This paper investigates the use of pre-trained visual-language models (VLMs) in online Reinforcement Learning (RL) for sparse reward tasks with predefined textual task descriptions. The authors identify and address the issue of reward misalignment when using VLMs as rewards in RL, proposing a lightweight fine-tuning method called Fuzzy VLM reward-aided RL (FuRL). FuRL enhances the performance of SAC/DrQ baseline agents by fine-tuning VLM representations and using relay RL to avoid local minima. Extensive experiments on the Meta-world benchmark tasks demonstrate the effectiveness of FuRL. The main contributions include:
1. **Problem Identification**: The authors highlight the issue of reward misalignment when using VLMs as rewards in RL.
2. **FuRL Introduction**: They introduce FuRL, a method that combines reward alignment and relay RL to improve exploration and policy learning.
3. **Methodology**: FuRL freezes the pre-trained VLM and fine-tunes two MLP-based projection heads to improve the VLM rewards. Relay RL helps escape local minima and collects more diverse data.

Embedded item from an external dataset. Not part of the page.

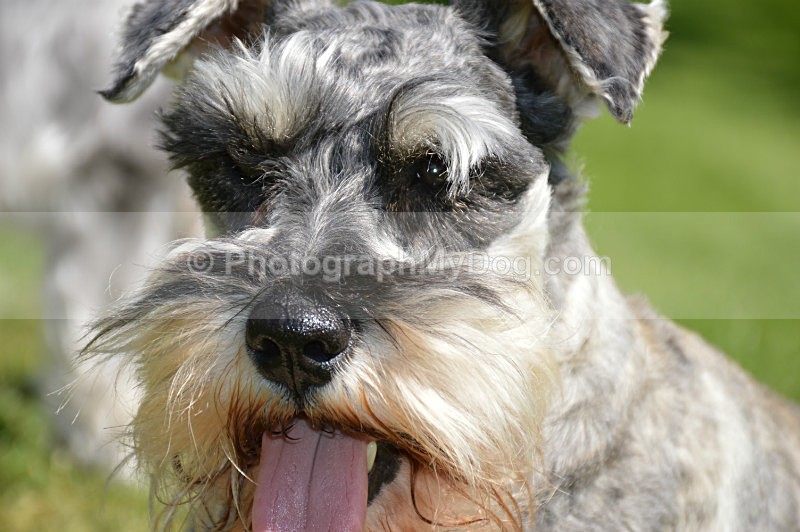  - Schnauzers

4. **Experiments**: FuRL is evaluated on various tasks, showing superior performance compared to baselines. Ablation studies validate the effectiveness of each component.
5. **Conclusion**: The paper concludes by discussing future directions, including joint training of reward alignment modules across multiple tasks and applying the method to more complex language instructions.
The paper also discusses potential societal impacts, such as the risk of improper language instructions leading to dangerous behaviors, and suggests measures to mitigate these risks.This paper investigates the use of pre-trained visual-language models (VLMs) in online Reinforcement Learning (RL) for sparse reward tasks with predefined textual task descriptions. The authors identify and address the issue of reward misalignment when using VLMs as rewards in RL, proposing a lightweight fine-tuning method called Fuzzy VLM reward-aided RL (FuRL). FuRL enhances the performance of SAC/DrQ baseline agents by fine-tuning VLM representations and using relay RL to avoid local minima. Extensive experiments on the Meta-world benchmark tasks demonstrate the effectiveness of FuRL. The main contributions include:
1. **Problem Identification**: The authors highlight the issue of reward misalignment when using VLMs as rewards in RL.
2. **FuRL Introduction**: They introduce FuRL, a method that combines reward alignment and relay RL to improve exploration and policy learning.
3. **Methodology**: FuRL freezes the pre-trained VLM and fine-tunes two MLP-based projection heads to improve the VLM rewards. Relay RL helps escape local minima and collects more diverse data.
4. **Experiments**: FuRL is evaluated on various tasks, showing superior performance compared to baselines. Ablation studies validate the effectiveness of each component.
5. **Conclusion**: The paper concludes by discussing future directions, including joint training of reward alignment modules across multiple tasks and applying the method to more complex language instructions.
The paper also discusses potential societal impacts, such as the risk of improper language instructions leading to dangerous behaviors, and suggests measures to mitigate these risks.